I too think the gates, any and all should be opened durring any hunt. We pay fees for these WMA's "WE" pay the fees. I too have walked many a mile in Paulding Forest, allthough I enjoy being out there and just roaming the woods, I have passed up a few shots due to the lengthy drag out. I do understand the logistics behind this, people destroying property, trash, etc. and with minimal coverage by LEO's it's hard to keep up with it. But I'm pretty sure if I, or a large number of folks on this site, see someone trashing the place, you can bet your last dollar they'll get turned in. But I'm really sick of hearing about a few dirt bags ruinning it for the rest of us. 
A good example is this, there are not enough Deputies to see everyone on our county roads, right ? So do they close down all the roads they can not see all the time ?
DNR, open the gates and I'm sure you'll have plenty of help policing the area !
As far as weather goes, same thing, if you think you want to play dukes of hazzard when the roads are muddy, be preparred to get your tag number wrote down and a call put in to the DNR, you are "destroying" "MY" property that I help pay for !
Now if I could cut up and debone my deer and pack it out, I would'nt mind the hike so much 
Open the gates, please !


----------



## Pineyrooter (Sep 19, 2009)

One thing to keep in mind is that the City of Atlanta through Georgia Forestry Commission maintains the roads on the City portion of Paulding and the city receives no funds from the state to maintain these roads or any other user related impacts.

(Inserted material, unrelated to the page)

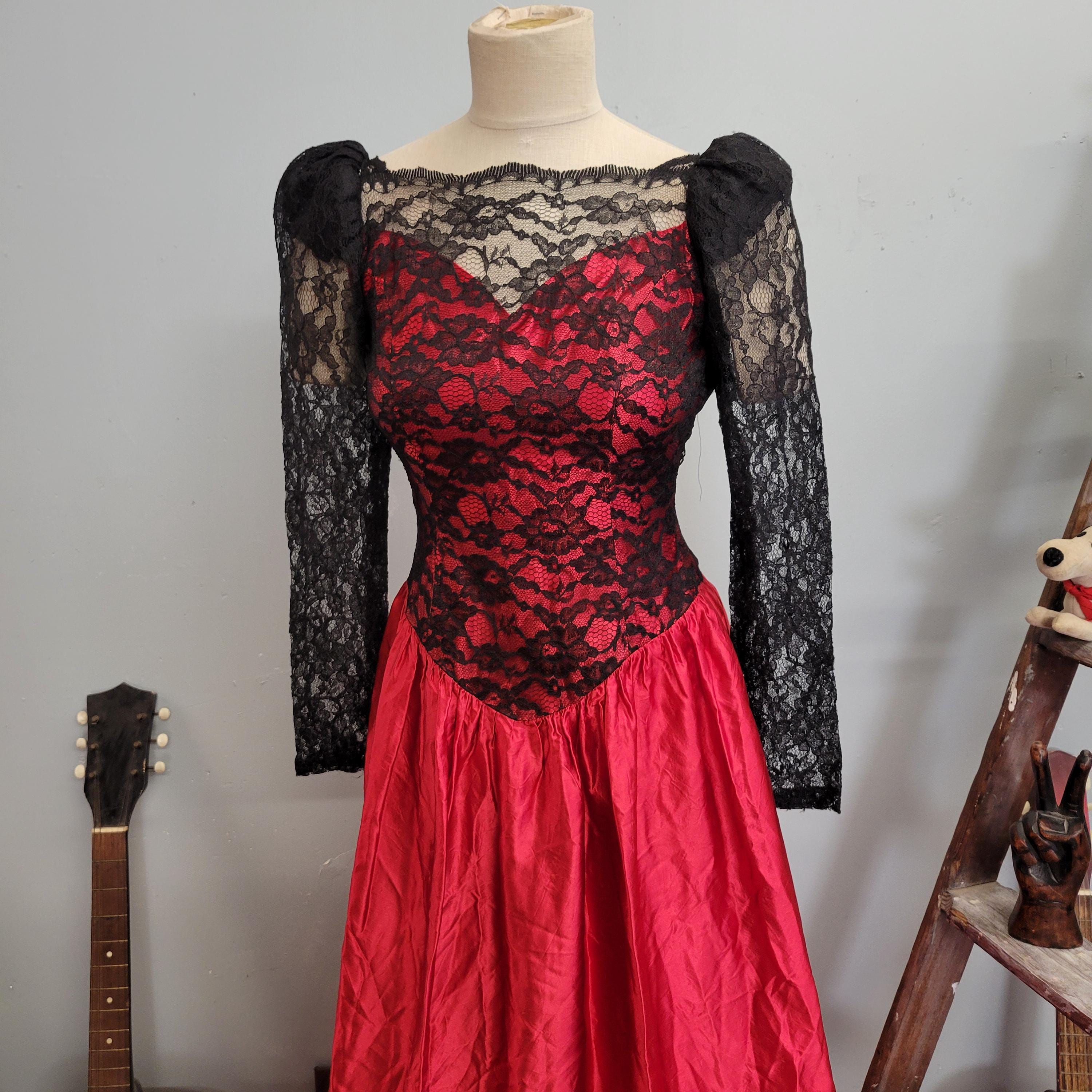 open lace back dress Victorian Vampire Gothic Red/Black Velvet Gown Medium main image 1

Its all an expense for the city as part of their land management program.


----------



## The Crowe (Sep 19, 2009)

1st off im glad to have the land here to hunt this many acers . 2nd if the gates were all open all the time there would be a lot more traffic in there i mean com on do you know how many teenagers have 4x4 and 4 whellers arourd here wow i could amagin how the roads would look after the gates were left open not to ment. the qulity of hunts if they were i vote levem closed


----------



## fflintlock (Sep 19, 2009)

See my post above, turn them in for destroying property, 
"I mean come on" help us all protect what "WE" pay for !
I too enjoy the lands we have available to us, but we still pay for them, yes we pay for them ! This is just like anything else controlled by the goverment, they work for us, this entire country belongs to us, the American people ! We are the true stewards of it, we need to step up and help police it, help to keep it available to us, yea, I know it's leased property, but we pay that lease, so it's up to us, to make it usefull and available to us, or why bother at all. The American hunter does 90% of the work and bares 90% of the cost, it's ours, as a whole ! Surely we can come together and weed out the varmits, correct ?
I say again, open the dang gates !





The Crowe said:


> 1st off im glad to have the land here to hunt this many acers . 2nd if the gates were all open all the time there would be a lot more traffic in there i mean com on do you know how many teenagers have 4x4 and 4 whellers arourd here wow i could amagin how the roads would look after the gates were left open not to ment. the qulity of hunts if they were i vote levem closed


----------



## Dupree (Sep 19, 2009)

there are too many roads to try to "police" people from riding all night long imo. either way im gonna hunt, whether i drive in or walk in. just leave em all but bcr closed in turkey season.


----------



## coonhunter444 (Sep 20, 2009)

i was told to day  that the gate was  actually   dummy locked  that day!!


----------



## WaddleWhacker (Sep 21, 2009)

looks like PF could use a little fair weather right about now


----------



## kirby (Sep 21, 2009)

The only thing about P.F that gets me is the parking.  They could make a few spots to pull off the Rd and bee somewhat safe.  I have no issue with walking thats why we have get-away sticks.


----------



## Pineyrooter (Oct 1, 2009)

For what it’s worth: There will be a few gates open around the city portion of Paulding Forest for short periods (as in during the day and closed at night) but folks shouldn’t drive in and park thinking they'll be able to get out. The Georgia Forestry Commission folks are currently working to locate and control several Southern Pine Beetle outbreaks and I understand they will have a few loggers working on the property during bow season and possibly in a couple locations during the gun hunts.  Getting a handle on active beetle spots is a priority right now because they have already killed several thousand dollars worth of timber and are forcing their hand in clear-cutting areas that were slated for thinning.  GFC will have a map posted at the check station in a few days showing active logging sites and upcoming harvest activity locations.


----------



## howl (Oct 2, 2009)

coonhunter444 said:


> keep them ALL LOCKED  !!!  thats the only way to have a good place to hunt!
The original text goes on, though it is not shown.